The article raises concerns about staffing shortages and lack of funding due to years of budget cuts. It brings to light how early warnings about under-preparedness for an outbreak of an infectious disease were brushed aside.

However, one salient point has not been picked up in the flood of online responses to the piece so far. Namely, that a number of interviewees actually blew the whistle on what appear to be systematic practices of encouraging contact tracers to mis-record (or, in other words, tamper with) contact tracing data. Specifically, staff employed as contact tracers said that they had been told to record that people had been infected at home, merely in order to be able to close a case quickly and move onto the next one. This happened even when there was no indication whatsoever that the person in question had in fact been infected at home.

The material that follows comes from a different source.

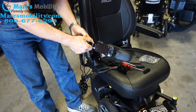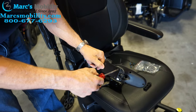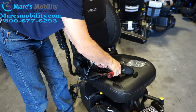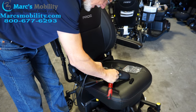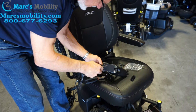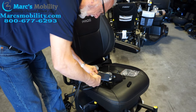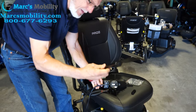Now you can see there are four screws here, under here. Take your Phillips screwdriver and remove these screws. The first two are for the joystick and the back two are for the light switch. Once you've removed those two screws for the light switch, you don't need that bracket — you can throw it away.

These reports of irregularities in data entry are credible. Nieuwenhuis is an experienced investigative journalist, who specialises in open (government) data and information. This investigation is said to have been carried out over a solid period of many months (since June 2020). Around a hundred different sources were consulted, from current and former GGD directors, to people currently working in contact tracing operations. Hence, there is good reason to take the reports extremely seriously.

Irregularities not denied by public health services

Soon after the article appeared, the body that represents the municipal public health services responsible for the contact tracing operations, GGD GHOR Nederland, issued a statement responding to Nieuwenhuis’ article. Significantly, this statement does not deny the reports of irregularities in contact tracing data registration.

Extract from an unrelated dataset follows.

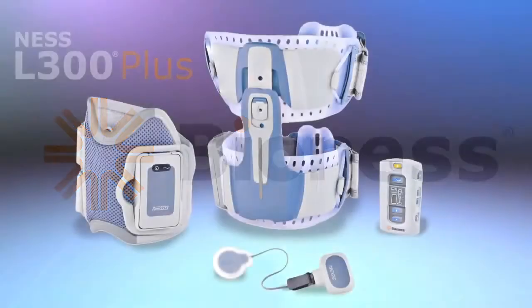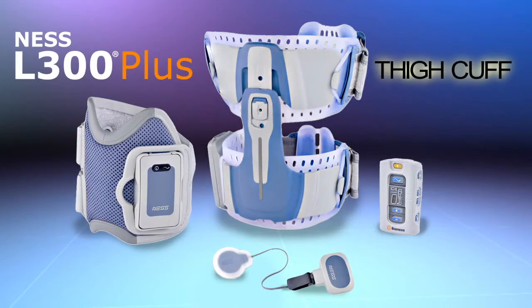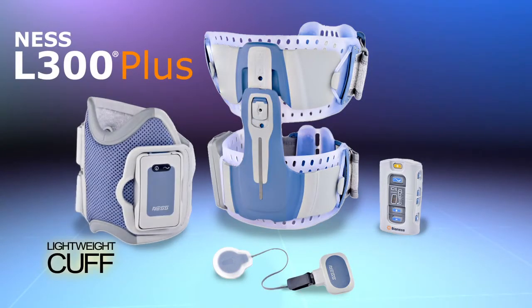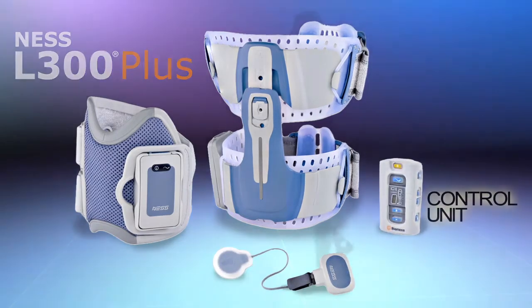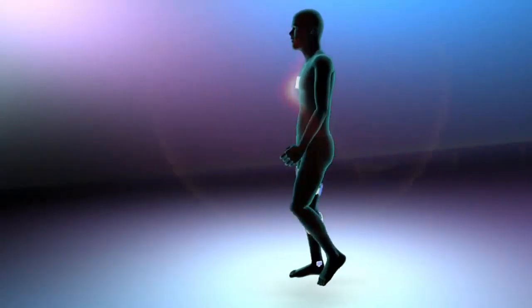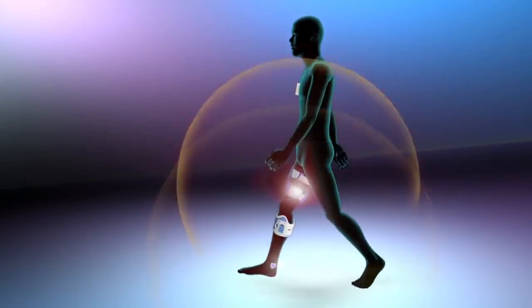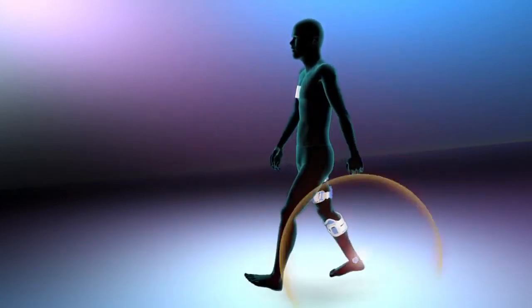The Ness L300 Plus system consists of four main components: a thigh cuff that fits above the knee on the quads or hamstrings, a lightweight cuff that fits below the knee, a small gait sensor placed in the shoe, and a wireless control unit, all of which communicate wirelessly, eliminating the need for troublesome externally worn wires and connectors, making the system simple and easy to use.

In its statement, GGD GHOR Nederland writes that “we emphatically do not recognise ourselves” in the overall picture detailed in the article. The statement does pick up (if evasively) on some of the allegations of racist discrimination in contact tracing practices. GGD GHOR Nederland director André Rouvoet said that their organisation is “working on the public health of all inhabitants of the Netherlands” (boldface in the original). Yet it chooses to gloss over, and at no point responds to, the specific allegation that contact tracing data were tampered with. Disconcertingly, the representative body simply notes:

“Unfortunately, incidents can occur, but overall we see a different picture. For instance, many other stories can be told, which would result in a much more nuanced picture.”

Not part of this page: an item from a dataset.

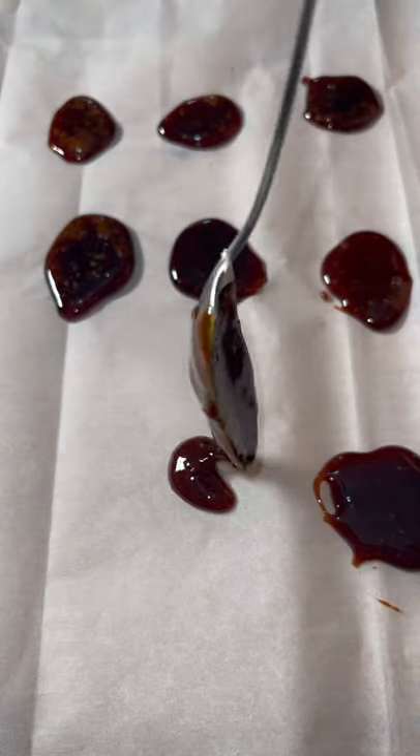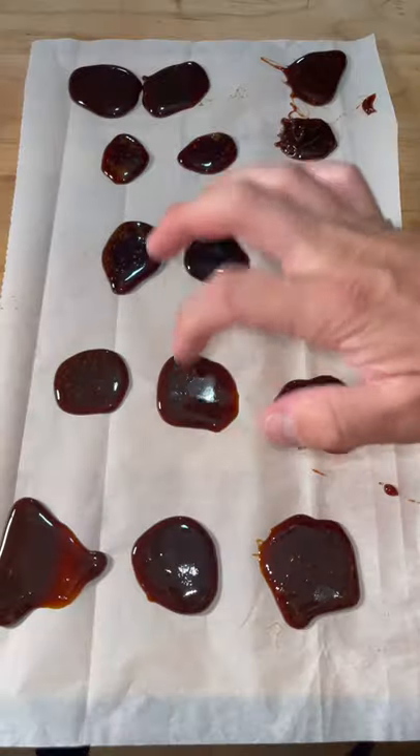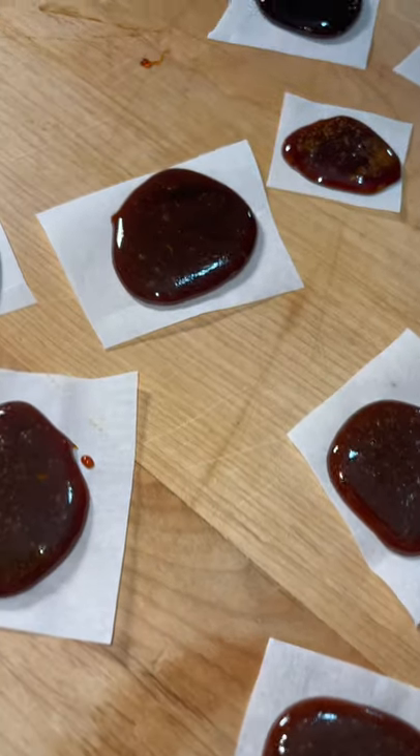Once this hits 300 degrees or gets nice and amber, we're going to put this on some parchment paper, wait for it to harden, and there you have some easy homemade cough drops.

I doubt that I am alone in thinking that, on a subject as serious as tampering with public health data, adding “nuance” by telling “other stories” could not possibly be enough. It needs to be absolutely, categorically ruled out that structural tampering with contact tracing data has taken (and potentially is still taking) place.

Specifics: Fabrication of infection setting data, in particular for the category ‘Home’

Let’s consider more closely what Nieuwenhuis reports has happened. Among the many concerns that the article raises about contact tracing data specifically (documents sent off as complete but with “lots of errors”, people testing positive who never got called for contact tracing at all) what concerns me most are allegations of what is best described as a form of data fabrication.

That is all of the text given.